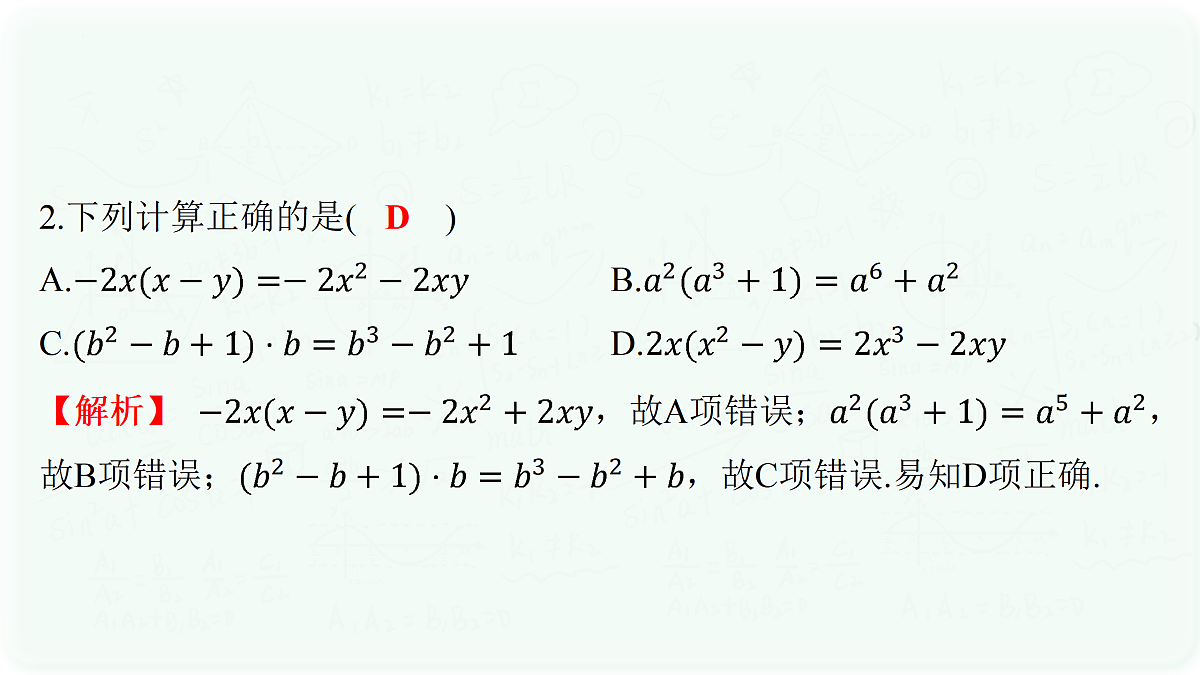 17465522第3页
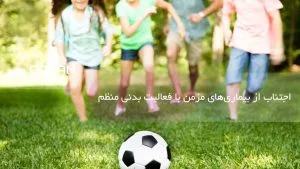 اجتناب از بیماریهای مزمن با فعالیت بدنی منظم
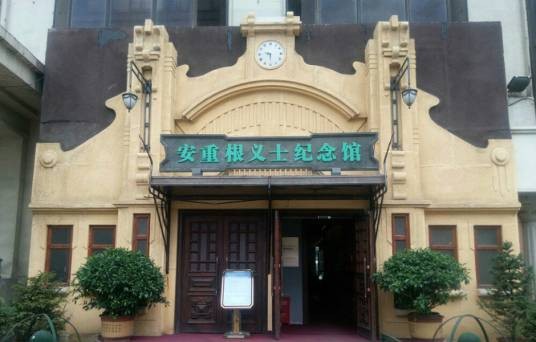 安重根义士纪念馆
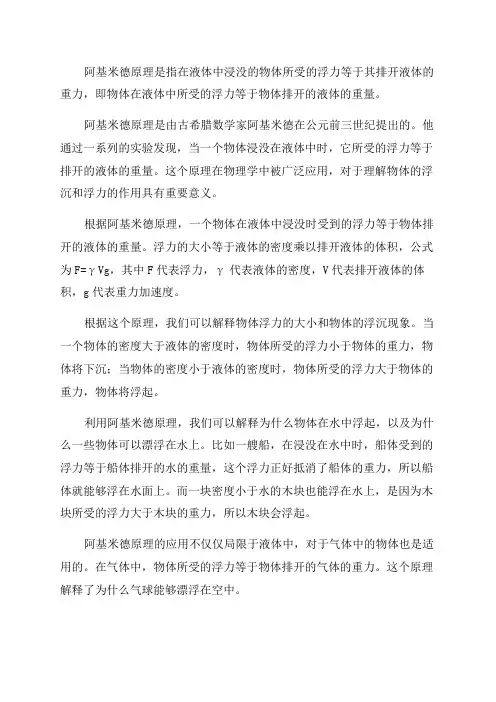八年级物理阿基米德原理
--
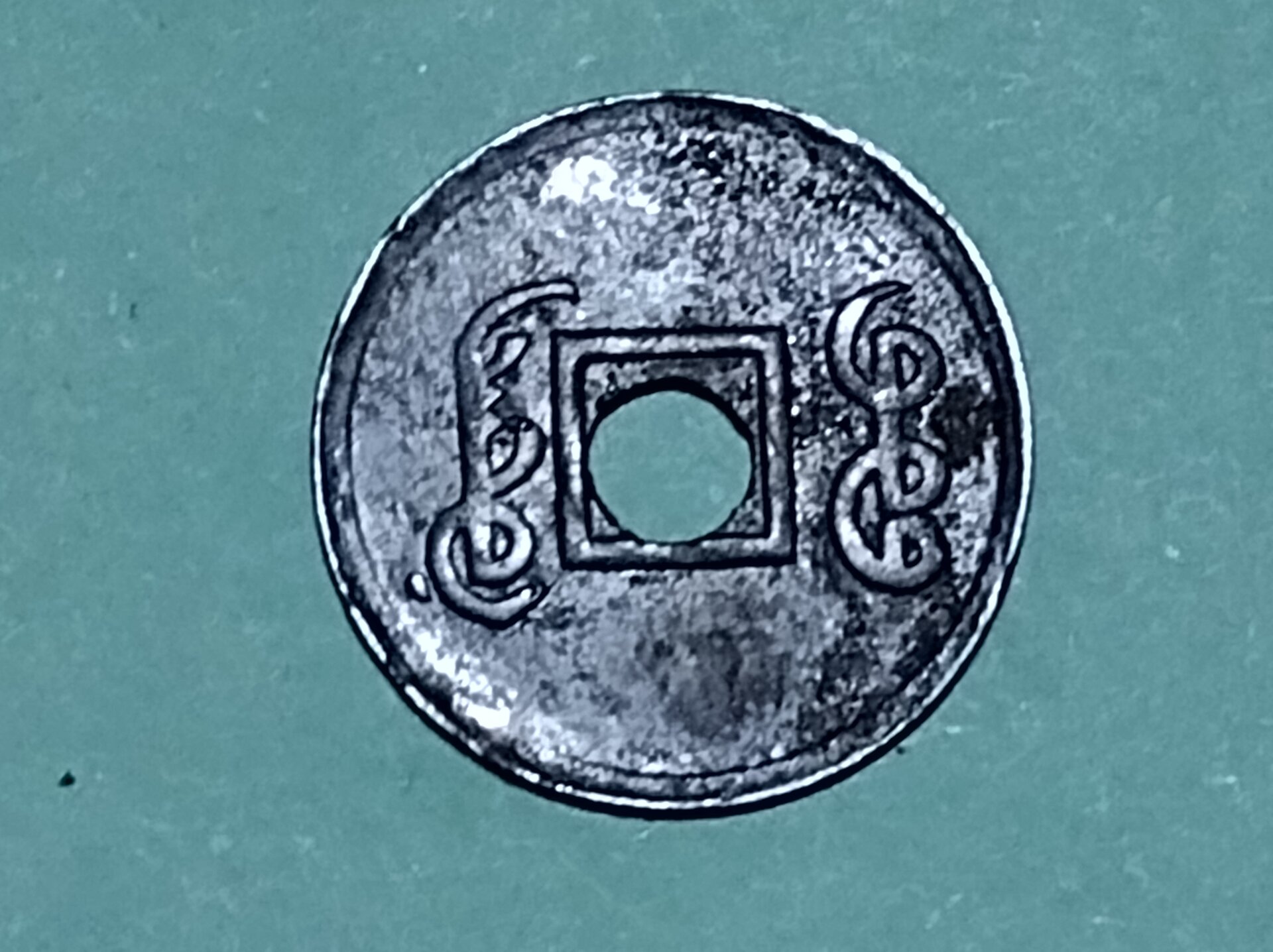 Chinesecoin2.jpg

**What you need to do**
Within the listing above, copy exactly the lines that start at the one with "17465522第3页" and continue through the one with "八年级物理阿基米德原理". Omit pictures.

**Solution to this exercise**
 17465522第3页
 اجتناب از بیماریهای مزمن با فعالیت بدنی منظم
 安重根义士纪念馆
八年级物理阿基米德原理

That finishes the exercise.